*** Opening of RECORDS TO USE ***

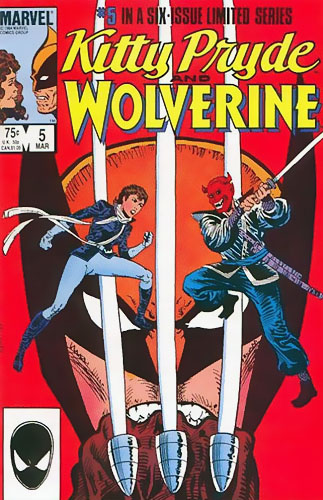 Kitty Pryde and Wolverine # 5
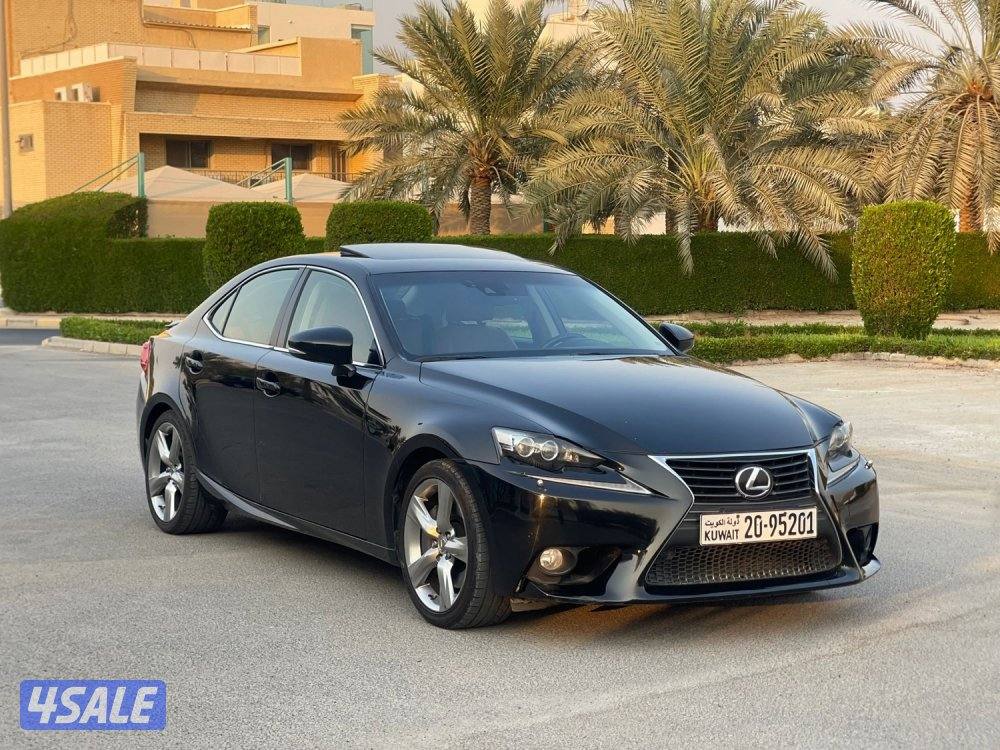 لكزس is350 - 2014 بحالة الوكاله1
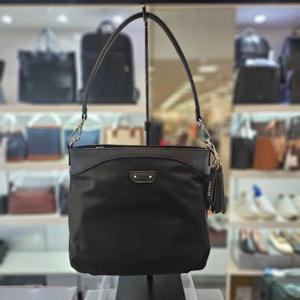 에스콰이아 HC12 경량 원단 버킷 크로스백 EOFSHB893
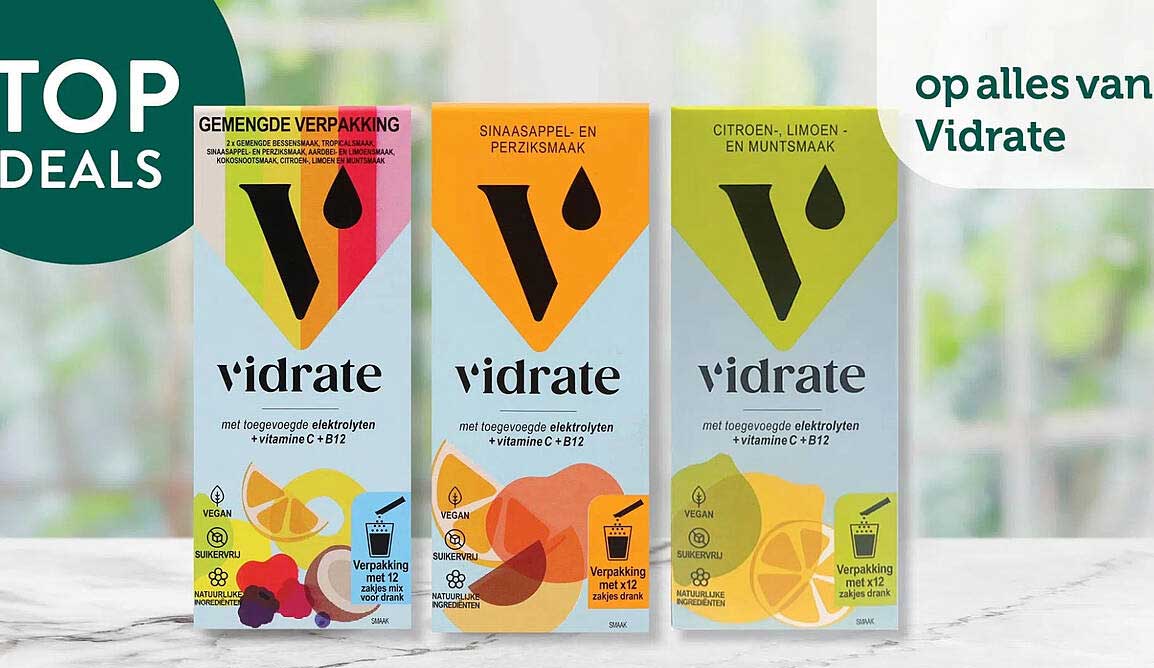 op alles van Vidrate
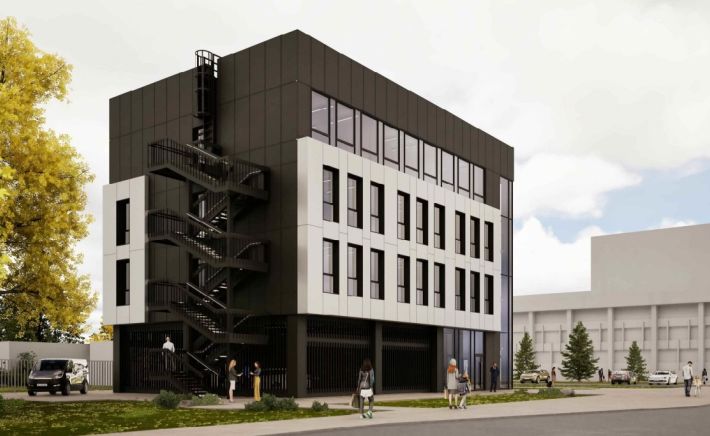 Проект здания на улице Германа Титова, 31
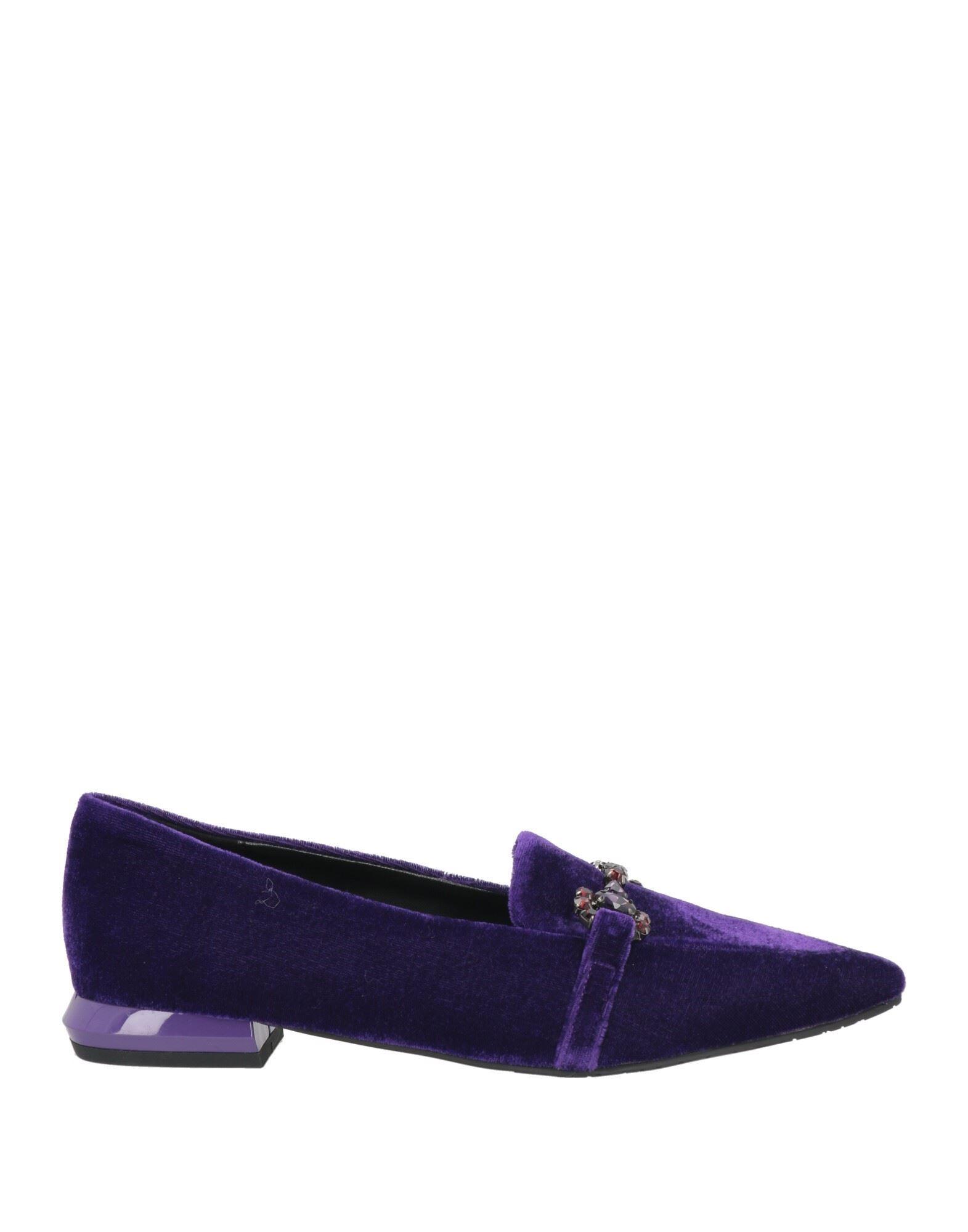 TOSCA BLU Mokassin Damen Violett von TOSCA BLU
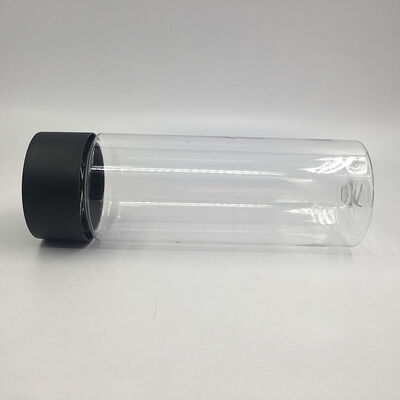 Potes de chá de bolhas de plástico de forma quadrada recipientes duráveis reutilizáveis perfeitos para lojas de chá de bolhas cafés e serviço de bebidas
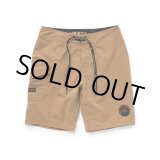 画像: RATS/LOGO SURF SHORTS（BROWN）［ロゴサーフショーツ-24春夏］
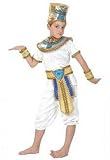 Egyptian Prince Fancy Dress Costume (child size) - Medium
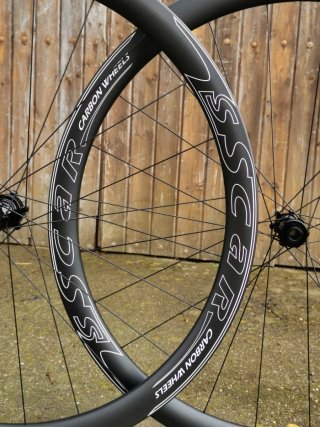 Ruote Carbonio SSCAR AF38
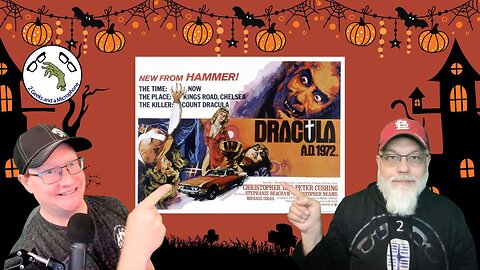 Dracula's Back...and He's Got a Miniskirt?! | Dracula A.D. 1972 Review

*** Close of RECORDS TO USE ***

§ WHAT TO WORK ON: A verbatim copy of the records is expected, from their first line through the line with "TOSCA BLU Mokassin", inclusive, with the pictures removed.

§ OUTPUT BELOW:
 Kitty Pryde and Wolverine # 5
 لكزس is350 - 2014 بحالة الوكاله1
 에스콰이아 HC12 경량 원단 버킷 크로스백 EOFSHB893
 op alles van Vidrate
 Проект здания на улице Германа Титова, 31
 TOSCA BLU Mokassin Damen Violett von TOSCA BLU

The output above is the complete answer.